§ **Instructions for the task**
Nothing but the lines from the one containing "4Y田园玫瑰花藤缠绕藤蔓花藤壁挂假花客厅墙面垂吊花艺造景装" through the one containing "Pat continental cu", both included, should be given again, each exactly as written below.

Listed records section start

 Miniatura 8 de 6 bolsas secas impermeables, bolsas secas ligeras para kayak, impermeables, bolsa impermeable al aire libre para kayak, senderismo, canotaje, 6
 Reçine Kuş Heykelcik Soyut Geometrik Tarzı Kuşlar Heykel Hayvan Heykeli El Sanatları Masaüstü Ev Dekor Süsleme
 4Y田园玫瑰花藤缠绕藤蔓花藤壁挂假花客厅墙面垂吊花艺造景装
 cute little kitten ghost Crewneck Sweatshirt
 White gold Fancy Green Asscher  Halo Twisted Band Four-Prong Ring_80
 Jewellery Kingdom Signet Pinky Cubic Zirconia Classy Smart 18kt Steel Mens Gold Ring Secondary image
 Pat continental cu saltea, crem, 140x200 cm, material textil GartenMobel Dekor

Listed records section end
Listed records section start

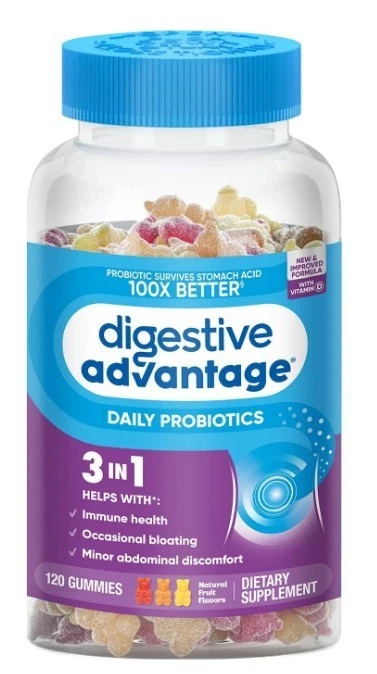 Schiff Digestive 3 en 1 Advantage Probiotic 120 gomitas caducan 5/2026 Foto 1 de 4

Listed records section end

§ **Problem solution**
 4Y田园玫瑰花藤缠绕藤蔓花藤壁挂假花客厅墙面垂吊花艺造景装
 cute little kitten ghost Crewneck Sweatshirt
 White gold Fancy Green Asscher  Halo Twisted Band Four-Prong Ring_80
 Jewellery Kingdom Signet Pinky Cubic Zirconia Classy Smart 18kt Steel Mens Gold Ring Secondary image
 Pat continental cu saltea, crem, 140x200 cm, material textil GartenMobel Dekor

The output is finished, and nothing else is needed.